В чем же состоял избранный и закрепленный в Законе «О реабилитации...» путь преодоления последствий сталинского произвола и разрешения конфликта?

Одно из решений на этом пути предполагается ст. 3 и 6 Закона РФ «О реабилитации репрессированных народов». Данные статьи однозначно определяют, что нынешняя граница Республики Северная Осетия и Республики Ингушетия должна быть изменена и должна быть восстановлена граница между Северо-Осетинской АССР и Чечено-Ингушской АССР на февраль 1944 года (то есть на момент до депортации ингушского народа) (140). Это проект «территориальной реабилитации» ингушского народа, по которому Пригородный район должен быть передан Ингушетии в соответствии с волеизъявлением ингушского НАРОДА. Таким образом, в законе возобладал дискриминационный подход, когда, с одной стороны, говорится о «волеизъявлении НАРОДА», полномочном определять статус территории, а с другой стороны, упоминается лишь о правах ГРАЖДАН «нерепрессированных» национальностей (родившихся, проживающих на данной территории, но лишаемых по Закону соответствующих прав участвовать своим волеизъявлением в определении статуса территории).
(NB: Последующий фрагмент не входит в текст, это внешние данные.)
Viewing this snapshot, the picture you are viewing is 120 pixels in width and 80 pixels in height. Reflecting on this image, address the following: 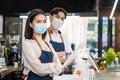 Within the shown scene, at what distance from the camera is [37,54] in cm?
234

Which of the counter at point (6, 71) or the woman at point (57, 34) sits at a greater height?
the woman at point (57, 34)

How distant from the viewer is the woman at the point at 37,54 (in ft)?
7.45

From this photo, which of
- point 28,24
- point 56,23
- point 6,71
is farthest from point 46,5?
point 28,24

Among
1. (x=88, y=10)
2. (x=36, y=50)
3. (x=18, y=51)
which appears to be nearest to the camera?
(x=36, y=50)

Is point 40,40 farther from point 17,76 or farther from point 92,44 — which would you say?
point 92,44

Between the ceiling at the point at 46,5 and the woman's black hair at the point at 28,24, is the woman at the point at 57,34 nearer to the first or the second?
the woman's black hair at the point at 28,24

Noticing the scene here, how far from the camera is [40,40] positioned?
2.44 m

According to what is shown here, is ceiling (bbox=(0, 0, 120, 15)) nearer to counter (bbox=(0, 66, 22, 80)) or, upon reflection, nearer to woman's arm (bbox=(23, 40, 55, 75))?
counter (bbox=(0, 66, 22, 80))

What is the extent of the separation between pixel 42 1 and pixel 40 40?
208 inches

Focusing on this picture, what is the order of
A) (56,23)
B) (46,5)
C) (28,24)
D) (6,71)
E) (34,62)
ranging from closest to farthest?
(34,62) < (28,24) < (56,23) < (6,71) < (46,5)

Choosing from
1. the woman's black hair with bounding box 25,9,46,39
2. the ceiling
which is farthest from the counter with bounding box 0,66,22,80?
the ceiling

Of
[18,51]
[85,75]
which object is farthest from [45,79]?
[18,51]

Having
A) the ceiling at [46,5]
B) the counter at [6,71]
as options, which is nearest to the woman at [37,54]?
the counter at [6,71]

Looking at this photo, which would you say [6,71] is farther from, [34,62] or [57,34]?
[34,62]
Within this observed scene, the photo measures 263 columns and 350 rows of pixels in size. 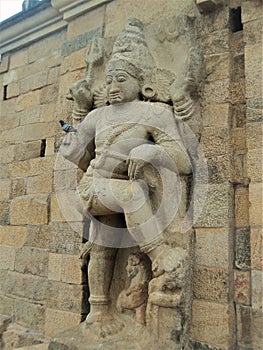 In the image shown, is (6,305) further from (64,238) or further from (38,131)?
(38,131)

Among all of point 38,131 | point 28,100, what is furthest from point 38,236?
point 28,100

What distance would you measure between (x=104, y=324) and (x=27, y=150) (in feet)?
6.74

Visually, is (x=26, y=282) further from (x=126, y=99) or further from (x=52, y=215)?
(x=126, y=99)

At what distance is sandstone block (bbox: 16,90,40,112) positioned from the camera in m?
3.82

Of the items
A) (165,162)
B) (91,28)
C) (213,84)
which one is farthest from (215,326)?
(91,28)

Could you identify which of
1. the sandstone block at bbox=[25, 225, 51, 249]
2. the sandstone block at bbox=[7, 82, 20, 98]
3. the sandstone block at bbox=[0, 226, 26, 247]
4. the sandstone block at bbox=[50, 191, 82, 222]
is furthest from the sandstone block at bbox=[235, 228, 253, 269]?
the sandstone block at bbox=[7, 82, 20, 98]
Известно, что Закон признает утратившими силу все акты, приведшие к неконституционному, насильственному перекраиванию границ (в том числе и в 1944 году). Однако, как представляется, с той же легкостью не может быть признано «незаконным» присутствующее здесь население и его права, в том числе и право участвовать в определении национально-государственной принадлежности этой территории, которая также стала родиной для многих тысяч «нерепрессированных». Представляется, что проводимая реабилитация репрессированных народов должна была осуществляться именно через реабилитацию ГРАЖДАН — представителей этих народов, должна касаться имущественных, гражданских прав, и только через волю лиц, в отношении которых проведена такая реабилитация (то есть отдельных граждан, чьи права должны быть равны правам граждан других национальных групп), только через их волю может быть осуществлена «национально-территориальная реабилитация». Последняя не может быть реализована «прямым действием», так как игнорирует саму возможность соблюдения прав граждан других национальных групп, проживающих на оспариваемых территориях. В Законе «О реабилитации...» содержится лишь формальная декларация о том, что «в процессе реабилитации репрессированных народов не должны ущемляться права граждан иной национальности». Однако совершенно неясно, как эта норма или ее отсутствие должны сказываться на реализации Закона? А если права все-таки нарушаются?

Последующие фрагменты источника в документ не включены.